Uwe Graf, Sportvorsitzender beim Berliner Ruder-Club (BRC) und auch Leistungssport-Vorstand beim LRV, nahm die Ehrung der Medaillengewinner von WM und EM bei den Elite- und Nachwuchssportlern vor, die Wanderruder-Beisitzerin Gabriela Brahm die für die Fahrtenabzeichen und Äquatorpreise vor. Bei den Top-Athleten durfte man sich immerhin über je zwei Welt- (Martin Sauer, Linus Lichtschlag) und Europameister (ebenfalls Sauer und Lichtschlag), weitere Medaillen und Vorderplätze freuen. Auch bei den U23- und JWM Titel und Medaillen. Uwe Graf: „ Berlin war in allen drei Nationalmannschaften mit 22 Sportlern aus 12 Vereinen vertreten." Mit 35 Kadersportlern belege im bundesweiten Vergleich der LRV hinter Nordrhein-Westfalen Rang 2. Sein Fazit klang stolz: „Berlins Ruderer haben Weltniveau und sind die besten, die wir je hatten."
Graf garnierte die Lobesworte für die Hauptstadt-Aktiven aber auch mit einige kritischen Bemerkungen in Richtung DRV. Die Kaderkonzentration in Dortmund sei in Bezug auf den Achter von Ralf Holtmeyer okay, aber man müsse da nicht auch noch die Zweier und Vierer dazuschlagen. „Ich bin der Meinung und ich schlage vor: Zweier und Vierer gehören nach Berlin", sagte er unter starkem Beifall der Zuhörerschaft. Generell sei die Hauptstadt rudersportlich auf dem richtigen Weg, erklärte er mit Blick auf das Schlussbild der Geehrten mit Aktiven und Trainern aus dem LRV und von verschiedenen Vereinen. „Vor ein paar Jahren wäre ein solch geschlossenes Auftreten nicht selbstverständlich gewesen. Wir haben es über viele vertrauensbildende Maßnahmen erreicht." Das sei erfreulich und gut so, aber auch nur ein Anfang. „Wir wollen die Zahl unserer Kaderathleten weiter steigern und bei internationalen Meisterschaften erfolgreich sein."

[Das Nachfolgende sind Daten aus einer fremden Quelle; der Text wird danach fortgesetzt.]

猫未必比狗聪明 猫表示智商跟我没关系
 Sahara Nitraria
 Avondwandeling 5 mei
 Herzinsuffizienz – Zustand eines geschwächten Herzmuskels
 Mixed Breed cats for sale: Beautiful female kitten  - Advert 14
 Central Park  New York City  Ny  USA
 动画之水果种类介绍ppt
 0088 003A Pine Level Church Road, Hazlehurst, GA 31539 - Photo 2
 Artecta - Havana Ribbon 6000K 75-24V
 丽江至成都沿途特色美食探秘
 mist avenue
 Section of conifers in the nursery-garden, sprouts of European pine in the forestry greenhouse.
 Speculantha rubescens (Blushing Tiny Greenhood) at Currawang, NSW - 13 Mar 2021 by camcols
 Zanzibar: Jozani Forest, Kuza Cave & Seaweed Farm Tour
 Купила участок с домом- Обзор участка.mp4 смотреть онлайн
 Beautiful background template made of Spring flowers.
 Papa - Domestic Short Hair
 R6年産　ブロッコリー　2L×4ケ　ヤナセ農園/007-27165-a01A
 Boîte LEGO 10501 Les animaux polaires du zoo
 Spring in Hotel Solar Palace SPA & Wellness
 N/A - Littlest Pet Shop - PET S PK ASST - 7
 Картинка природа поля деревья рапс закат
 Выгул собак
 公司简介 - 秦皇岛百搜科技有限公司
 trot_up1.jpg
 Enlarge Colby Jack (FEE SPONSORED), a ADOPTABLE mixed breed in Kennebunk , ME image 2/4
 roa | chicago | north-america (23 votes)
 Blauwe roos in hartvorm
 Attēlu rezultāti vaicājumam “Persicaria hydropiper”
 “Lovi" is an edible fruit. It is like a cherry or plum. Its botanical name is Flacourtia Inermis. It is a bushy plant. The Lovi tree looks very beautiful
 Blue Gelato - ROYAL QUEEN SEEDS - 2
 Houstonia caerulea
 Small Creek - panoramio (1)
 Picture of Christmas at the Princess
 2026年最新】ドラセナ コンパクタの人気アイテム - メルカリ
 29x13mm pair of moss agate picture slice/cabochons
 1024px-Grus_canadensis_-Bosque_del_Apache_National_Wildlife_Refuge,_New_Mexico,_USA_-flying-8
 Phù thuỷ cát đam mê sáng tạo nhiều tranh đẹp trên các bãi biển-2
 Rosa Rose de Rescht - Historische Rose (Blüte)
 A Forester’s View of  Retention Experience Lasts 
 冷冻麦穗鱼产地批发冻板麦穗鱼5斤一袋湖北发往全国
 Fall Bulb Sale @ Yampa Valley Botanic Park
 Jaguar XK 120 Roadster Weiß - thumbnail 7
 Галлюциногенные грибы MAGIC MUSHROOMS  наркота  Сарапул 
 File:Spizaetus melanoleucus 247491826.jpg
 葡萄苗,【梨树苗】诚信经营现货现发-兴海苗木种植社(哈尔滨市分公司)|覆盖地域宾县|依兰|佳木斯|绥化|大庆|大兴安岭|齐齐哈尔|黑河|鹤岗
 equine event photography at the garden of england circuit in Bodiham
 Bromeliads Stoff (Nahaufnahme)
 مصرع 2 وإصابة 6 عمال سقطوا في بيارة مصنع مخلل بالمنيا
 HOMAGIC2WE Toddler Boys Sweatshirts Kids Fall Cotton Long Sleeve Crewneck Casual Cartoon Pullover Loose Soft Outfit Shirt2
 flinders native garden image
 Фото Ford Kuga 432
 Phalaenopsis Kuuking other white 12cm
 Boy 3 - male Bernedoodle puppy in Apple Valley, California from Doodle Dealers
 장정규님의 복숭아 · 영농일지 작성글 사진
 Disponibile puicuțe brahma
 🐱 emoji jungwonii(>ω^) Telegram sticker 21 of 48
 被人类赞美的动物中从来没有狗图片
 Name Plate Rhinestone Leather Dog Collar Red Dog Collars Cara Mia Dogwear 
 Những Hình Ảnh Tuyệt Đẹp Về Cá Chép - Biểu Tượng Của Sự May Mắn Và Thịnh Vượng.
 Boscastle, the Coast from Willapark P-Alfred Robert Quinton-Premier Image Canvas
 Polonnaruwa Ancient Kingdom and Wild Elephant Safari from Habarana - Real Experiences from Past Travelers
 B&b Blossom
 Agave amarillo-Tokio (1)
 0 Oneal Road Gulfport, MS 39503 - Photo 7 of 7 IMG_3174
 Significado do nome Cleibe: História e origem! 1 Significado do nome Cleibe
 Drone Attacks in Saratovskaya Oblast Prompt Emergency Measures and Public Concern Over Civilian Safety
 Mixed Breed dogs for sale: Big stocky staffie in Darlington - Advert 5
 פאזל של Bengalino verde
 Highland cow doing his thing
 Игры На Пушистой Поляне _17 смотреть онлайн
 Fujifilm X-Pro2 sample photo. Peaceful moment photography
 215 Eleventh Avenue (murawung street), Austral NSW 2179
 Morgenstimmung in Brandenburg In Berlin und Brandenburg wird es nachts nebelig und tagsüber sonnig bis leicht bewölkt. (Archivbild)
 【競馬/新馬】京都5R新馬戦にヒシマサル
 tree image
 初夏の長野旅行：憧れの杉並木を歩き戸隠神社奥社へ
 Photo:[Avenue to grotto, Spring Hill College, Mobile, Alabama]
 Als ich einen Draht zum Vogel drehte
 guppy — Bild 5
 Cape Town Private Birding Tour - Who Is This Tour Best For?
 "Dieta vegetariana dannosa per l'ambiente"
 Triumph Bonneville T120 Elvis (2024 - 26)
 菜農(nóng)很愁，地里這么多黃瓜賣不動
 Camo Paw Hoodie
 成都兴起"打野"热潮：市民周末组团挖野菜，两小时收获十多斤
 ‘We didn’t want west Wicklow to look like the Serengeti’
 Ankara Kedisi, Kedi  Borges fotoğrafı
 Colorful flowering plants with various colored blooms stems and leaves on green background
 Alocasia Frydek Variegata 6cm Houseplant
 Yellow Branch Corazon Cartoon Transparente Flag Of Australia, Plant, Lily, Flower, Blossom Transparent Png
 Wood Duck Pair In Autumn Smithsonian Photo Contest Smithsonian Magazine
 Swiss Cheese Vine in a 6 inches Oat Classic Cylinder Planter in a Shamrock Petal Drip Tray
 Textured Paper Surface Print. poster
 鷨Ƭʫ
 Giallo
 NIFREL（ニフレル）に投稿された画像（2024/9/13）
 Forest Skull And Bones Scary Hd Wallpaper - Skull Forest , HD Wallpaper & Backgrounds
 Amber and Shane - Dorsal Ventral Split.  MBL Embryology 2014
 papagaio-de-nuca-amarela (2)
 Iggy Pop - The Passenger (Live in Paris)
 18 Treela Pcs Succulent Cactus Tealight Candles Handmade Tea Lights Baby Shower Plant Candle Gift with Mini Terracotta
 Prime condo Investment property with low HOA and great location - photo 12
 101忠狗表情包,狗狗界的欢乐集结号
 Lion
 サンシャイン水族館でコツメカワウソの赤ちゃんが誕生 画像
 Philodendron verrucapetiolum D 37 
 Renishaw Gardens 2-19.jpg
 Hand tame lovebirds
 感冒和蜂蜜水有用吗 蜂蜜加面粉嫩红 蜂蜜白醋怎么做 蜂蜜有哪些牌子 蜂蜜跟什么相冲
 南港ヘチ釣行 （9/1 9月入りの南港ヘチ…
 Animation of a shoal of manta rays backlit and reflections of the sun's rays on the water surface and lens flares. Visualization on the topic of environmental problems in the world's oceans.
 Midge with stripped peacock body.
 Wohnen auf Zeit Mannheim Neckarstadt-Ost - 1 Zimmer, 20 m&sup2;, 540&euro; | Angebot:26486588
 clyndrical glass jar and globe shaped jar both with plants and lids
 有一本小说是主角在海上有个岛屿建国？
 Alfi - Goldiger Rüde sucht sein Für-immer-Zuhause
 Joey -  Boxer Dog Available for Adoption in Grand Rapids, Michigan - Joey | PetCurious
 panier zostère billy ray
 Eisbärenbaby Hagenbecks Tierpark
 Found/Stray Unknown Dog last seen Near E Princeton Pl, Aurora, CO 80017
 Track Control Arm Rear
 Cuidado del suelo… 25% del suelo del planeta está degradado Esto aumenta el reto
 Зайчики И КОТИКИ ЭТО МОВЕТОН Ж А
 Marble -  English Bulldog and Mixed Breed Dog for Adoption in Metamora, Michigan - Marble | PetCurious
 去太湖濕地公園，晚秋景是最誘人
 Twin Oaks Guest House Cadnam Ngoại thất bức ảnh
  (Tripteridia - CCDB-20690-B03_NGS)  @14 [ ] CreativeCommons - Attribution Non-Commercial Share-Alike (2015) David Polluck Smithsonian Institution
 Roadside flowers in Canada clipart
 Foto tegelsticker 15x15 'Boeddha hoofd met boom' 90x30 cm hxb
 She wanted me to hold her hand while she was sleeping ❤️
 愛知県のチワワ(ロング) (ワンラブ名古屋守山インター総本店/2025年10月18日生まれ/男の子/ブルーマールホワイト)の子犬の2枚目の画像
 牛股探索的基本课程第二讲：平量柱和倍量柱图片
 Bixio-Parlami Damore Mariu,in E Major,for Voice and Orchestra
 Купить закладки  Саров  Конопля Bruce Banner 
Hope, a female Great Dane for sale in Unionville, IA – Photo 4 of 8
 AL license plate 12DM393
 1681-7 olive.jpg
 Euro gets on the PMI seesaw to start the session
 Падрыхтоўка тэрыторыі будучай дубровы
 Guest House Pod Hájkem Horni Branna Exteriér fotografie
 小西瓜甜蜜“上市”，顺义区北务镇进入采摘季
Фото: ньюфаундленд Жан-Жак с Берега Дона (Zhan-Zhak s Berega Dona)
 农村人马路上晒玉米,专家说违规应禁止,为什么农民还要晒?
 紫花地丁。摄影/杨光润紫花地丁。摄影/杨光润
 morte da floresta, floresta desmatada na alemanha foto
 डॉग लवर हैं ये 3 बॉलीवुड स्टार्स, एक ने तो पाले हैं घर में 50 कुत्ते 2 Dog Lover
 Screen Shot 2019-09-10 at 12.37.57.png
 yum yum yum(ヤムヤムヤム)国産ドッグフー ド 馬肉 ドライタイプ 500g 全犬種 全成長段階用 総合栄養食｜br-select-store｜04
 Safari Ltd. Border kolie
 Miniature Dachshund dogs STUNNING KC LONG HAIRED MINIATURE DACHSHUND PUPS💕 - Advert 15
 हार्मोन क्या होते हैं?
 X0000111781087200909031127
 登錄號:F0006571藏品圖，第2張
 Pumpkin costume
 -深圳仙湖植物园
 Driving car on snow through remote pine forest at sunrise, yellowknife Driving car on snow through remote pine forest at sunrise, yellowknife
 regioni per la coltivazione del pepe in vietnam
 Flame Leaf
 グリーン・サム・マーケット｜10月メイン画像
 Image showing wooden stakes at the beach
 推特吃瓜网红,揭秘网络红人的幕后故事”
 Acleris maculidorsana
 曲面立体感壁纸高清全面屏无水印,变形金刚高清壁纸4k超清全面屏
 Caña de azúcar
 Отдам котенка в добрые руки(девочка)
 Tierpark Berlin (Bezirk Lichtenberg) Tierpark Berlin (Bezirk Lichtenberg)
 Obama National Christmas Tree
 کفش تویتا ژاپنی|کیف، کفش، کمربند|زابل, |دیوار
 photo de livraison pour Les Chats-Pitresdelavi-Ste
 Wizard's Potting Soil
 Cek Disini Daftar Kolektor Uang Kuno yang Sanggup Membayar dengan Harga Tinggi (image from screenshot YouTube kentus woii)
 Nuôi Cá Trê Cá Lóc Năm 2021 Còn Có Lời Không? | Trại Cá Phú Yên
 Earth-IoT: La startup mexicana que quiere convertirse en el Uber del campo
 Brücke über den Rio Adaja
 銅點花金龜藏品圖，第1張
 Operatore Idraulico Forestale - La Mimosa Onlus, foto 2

Zum geschlossenen Gesamtbild, von dem Graf sprach, gehören als fester Bestandteil auch die Freizeit- und Wanderruderer. Schließlich kann man das Verhältnis zwischen Spitzen- und Breitensport im LRV etwa auf 20:80 taxieren. So war denn auch ihre Ehrung beim Flaggentag kein Anhängsel, sondern eine Höhepunkt. Klaus Haberland (ProSport Berlin 24) wurde für 120 296 zurückgelegte Ruderkilometer für den dritten Äquatorpreis geehrt - großartig! Den ersten holte sich Lieselotte Biel (Astoria-RG in der Berliner Turnerschaft) für 41 915 km. Zwei Beispiele von 12, die quasi mindestens einmal im Boot sinnbildlich um den Erdball gefahren sind. Fünf weitere Ruderenthusiasten durfte im Bärensaal zum 40. Mal ihr Fahrtenabzeichen entgegen nehmen.
Der Flaggentag bot auch diesmal wieder so viele spannende Geschichten, dass die LRV-Webseite darauf in der näheren Zukunft zurückkommen wird. Freuen Sie sich also auf Jutta Abromeits Erfahrungen, Erkenntnisse und Gedanken, auf Porträts von Klaus Haberland und Lieselotte Biel.
P.S. Auch das war ein Signal für die Ruderzukunft und ein Signal für die (finanzielle) Kooperation mit Politik und Wirtschaft: Beim Flaggentag tauften Sportstaatssekretär Thomas Härtel und Veolia-Repräsentantin Dr. Petra Warnecke vom LRV-Topsponsor einen Vierer auf den Namen „Unser Element".